I believe that not all ayuntamientos are yet insisting on this, but it will be rolled out nationally eventually, I'm sure


----------



## Michata (Apr 4, 2016)

xabiachica said:


> There was a rule change last April, & now EU citizens have to show the green 'resident reg¡stration cert/card' when signing on the padrón. Not just a white NIE cert.
> 
> I believe that not all ayuntamientos are yet insisting on this, but it will be rolled out nationally eventually, I'm sure


Ok, thanks....any idea where you get that from?


----------



## xabiaxica (Jun 23, 2009)

Michata said:


> Ok, thanks....any idea where you get that from?


The same place as the NIE. You'll have to provide proof that you have healthcare provision & that you can support yourself financially.


----------



## Michata (Apr 4, 2016)

Thank you all for your help so far!

...trying now to get a appointment for the NIE number but cannot find the site, is it supposed to be this one?:

sede.administracionespublicas.gob.es

Thanks!


----------



## xabiaxica (Jun 23, 2009)

Michata said:


> Thank you all for your help so far!
> 
> ...trying now to get a appointment for the NIE number but cannot find the site, is it supposed to be this one?:
> 
> ...


You need this one - not all extranjerías have online appts though.

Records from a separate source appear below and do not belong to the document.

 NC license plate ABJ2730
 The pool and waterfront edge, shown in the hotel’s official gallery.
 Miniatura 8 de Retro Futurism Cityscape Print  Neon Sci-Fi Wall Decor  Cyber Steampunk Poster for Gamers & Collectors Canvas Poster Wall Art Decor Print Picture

https://sede.administracionespublicas.gob.es/procedimientos/index/categoria/34

And again - you don't just need a NIE (use EX15 & get a white paper cert) - you need to register (use EX18 & get a green cert/card)


----------



## Michata (Apr 4, 2016)

Ok, I think I give them a call to get an appointment, not sure which option to use on the online system. Thanks again


----------